In foreign affairs the year was uneventful. Some excitement was caused in Greece by the decision of the Conference of Ambassadors in May to assign to Albania, under the new frontier

settlement, fourteen villages occupied by Greeks and hitherto under Greek administration; and the Government promised the Chamber to protest, and, if necessary, to appeal to the League of Nations. On July 26 a somewhat serious "frontier incident" took place in Macedonia, seventeen Bulgarians being bound and killed in cold blood by a party of Asia Minor Greeks. A League of Nations Commission which investigated the affair found that the local Greek authorities were responsible and entirely exonerated the Greek Government; but the affair did not improve Bulgarian relations with Greece.

In April the Byron centenary was celebrated at Athens, the British Government being officially represented by Sir Rennell Rodd, the British Ambassador at Rome.

ALBANIA.

In the Parliamentary elections which were held at the beginning of the year, the head of the Government, Ahmed Zogu, failed to secure a majority, and his position became precarious. On February 23 he was shot at and slightly wounded by a young Albanian student in the corridor of the Parliament House. On March 3 a new Ministry was formed by Shevket Verlaci. On May 22 the young Liberal deputy, Avni Rustem, was assassinated at Tirana, and Ahmed Zogu was accused of instigating the murder. Great demonstrations took place at the funeral, and discontent with the Government became more and more marked. Towards the end of May, Shevket Verlaci resigned and was replaced by Ilias Vrioni.

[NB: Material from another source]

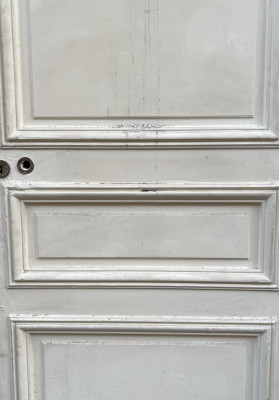 porte ancienne front details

This change failed to appease the democratic and Liberal elements. The army of the South and the garrison of Scodra declared against the Government, and troops marched on Tirana. After a slight resistance Ahmed Zogu and a few of his partisans fled to Belgrade. A number of deputies who supported him took refuge in Italy and in Corfu.

On June 16, Monsignor Fan Noli, the leader of the Democratic and Liberal Party, formed a Government. He issued a proclamation, stating that the revolution was a protest against the illegalities and corruption of the previous régime, and its attempt to perpetuate the feudal privileges of the nobility and large landowners. The Chamber of Deputies was dissolved, but no steps were taken to hold new elections. Also three members of the "Council of Regency" (which holds the place of the Monarchy in the Albanian constitution) had been deposed, while the fourth considered himself under notice; consequently the new Government was never properly legalised, and was therefore insecure from the beginning.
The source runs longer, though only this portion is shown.